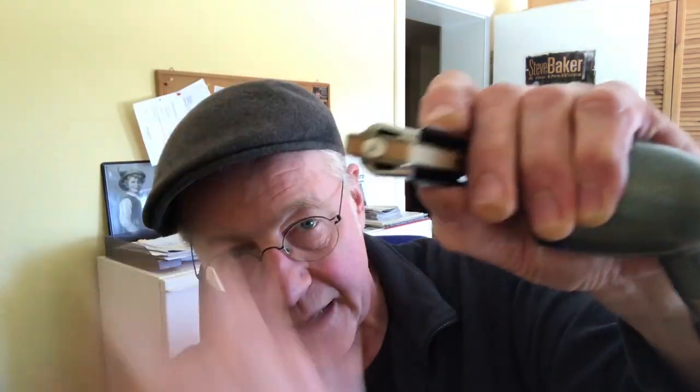Then you place your middle finger next to that, and you take the harmonica between your index finger and thumb so that it is away from the front of the microphone. Then you can enclose it with your other hand like this, so that you can completely enclose harmonica and microphone and get a dark sound.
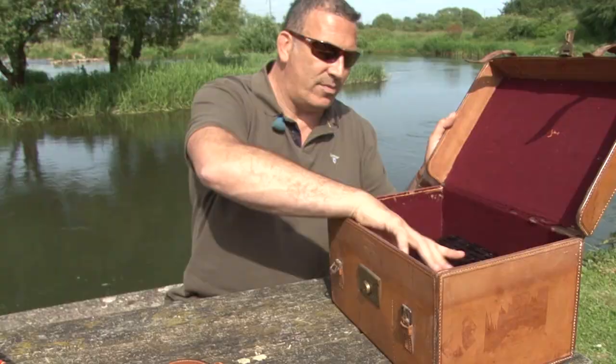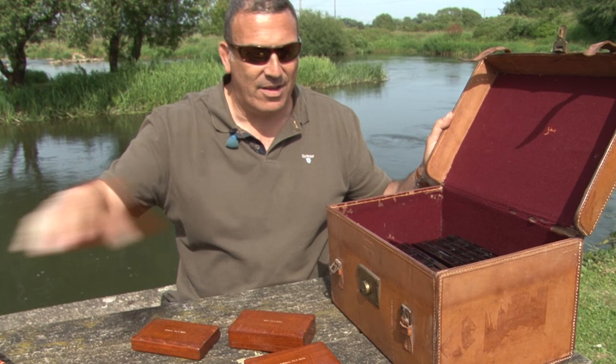Fly boxes. These are a little bit special. This is the club fly box selection by Hardy. They started these in 1905 — polished mahogany. This is probably one of the very few complete sets to exist on the planet.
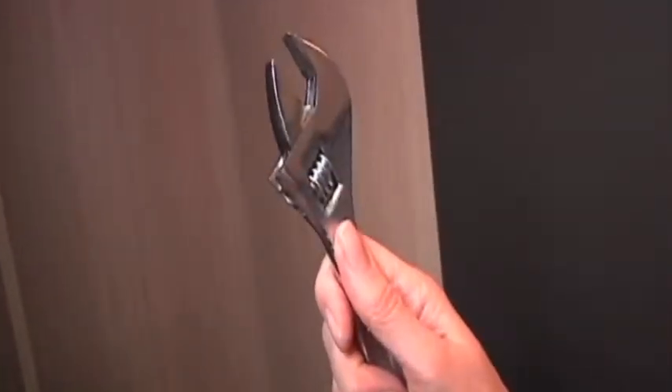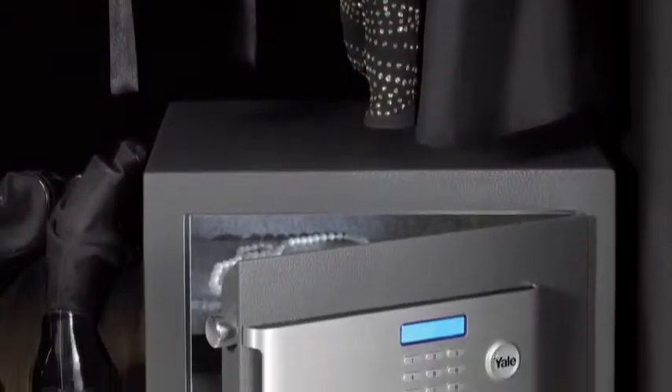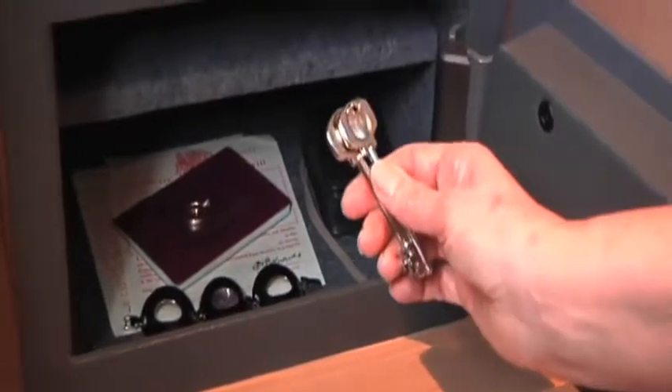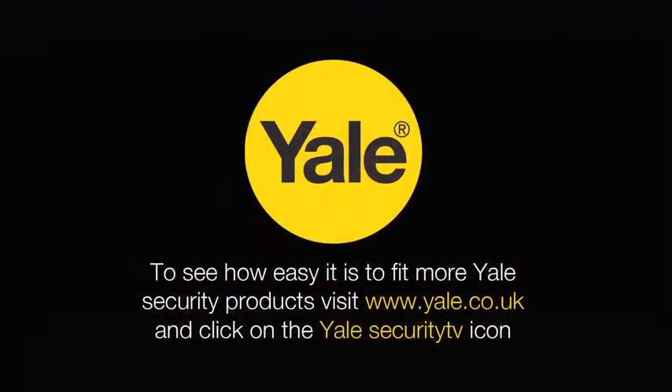Tighten with a spanner to fix more securely into place. Lastly, place the shelf back into the safe, and place all your valuables inside. But remember, do not ever leave the keys in the safe — keep them in a memorable place elsewhere in the house. To see our full range of certified safes, and to see how easy it is to fit more Yale Security products, visit www.yale.co.uk.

## Task brief:
Reproduce, word for word, every line from the one that contains "Fly boxes. These" to the end of the data, including both ends; omit all pictures.

## Task answer:
Fly boxes. These are a little bit special. This is the club fly box selection by Hardy. They started these in 1905 — polished mahogany. This is probably one of the very few complete sets to exist on the planet.
Tighten with a spanner to fix more securely into place. Lastly, place the shelf back into the safe, and place all your valuables inside. But remember, do not ever leave the keys in the safe — keep them in a memorable place elsewhere in the house. To see our full range of certified safes, and to see how easy it is to fit more Yale Security products, visit www.yale.co.uk.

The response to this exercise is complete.